映画評「相続人」(1973年)
☆☆☆(6点/10点満点中)
1973年フランス映画 監督フィリップ・ラブロ
ネタバレあり
この作品が公開された頃若い僕は愛読誌【スクリーン】を隈なく読んでいた。その為か観た気になっていたが、どうも初鑑賞のようだ。
フィリップ・ラブロの監督作品としては「刑事キャレラ 10+1の追撃」のほうが良い。昨年ちょっとしたリバイバル公開が為されたようで、そのせいかWOWOWにも出て来た。

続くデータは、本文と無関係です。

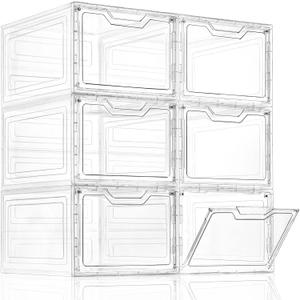 6 Pack Closet Organizers and Storage,Clear Stackable Plastic Storage Bins with Lids Magnetic Doors,Clothes Organizers and Storage,Plastic Craft Containers for Wardrobe Kitchen Bathroom Office (Clear-6Pack)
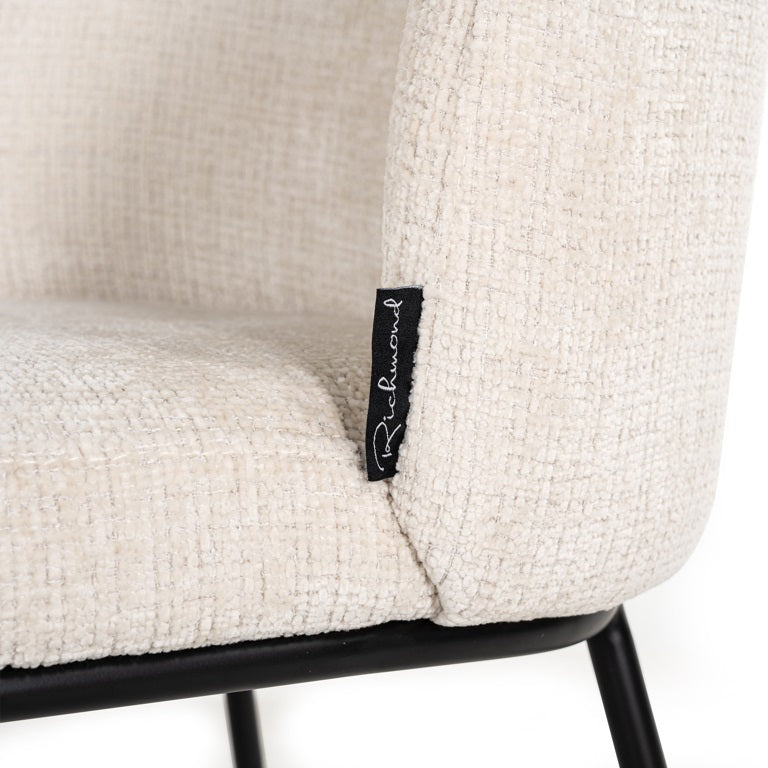 Richmond Interiors Elvi Cream Chenille Dining Chair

鉄鋼業界の大物が細君と共に自家用飛行機で墜落死し、相続人たる御曹司ジャン=ポール・ベルモンドがアメリカから戻って来る。切れ者の彼は両親の死が暗殺であると疑い、秘書シャルル・デネや重役ジャン・ロシュフォールと一致協力、同時にコングロマリット的に会社がやっている週刊誌も大いに活用し、陰謀の正体を突き止めようとする。
早々にフランスに入る時に税関で主人公が麻薬絡みで逮捕されそうな目に遭うのも父親殺しの陰謀と同じ一味の企みで、その罠を実行したのが飛行機の中でよろしい仲になった高級売春婦モーリーン・カーウィン。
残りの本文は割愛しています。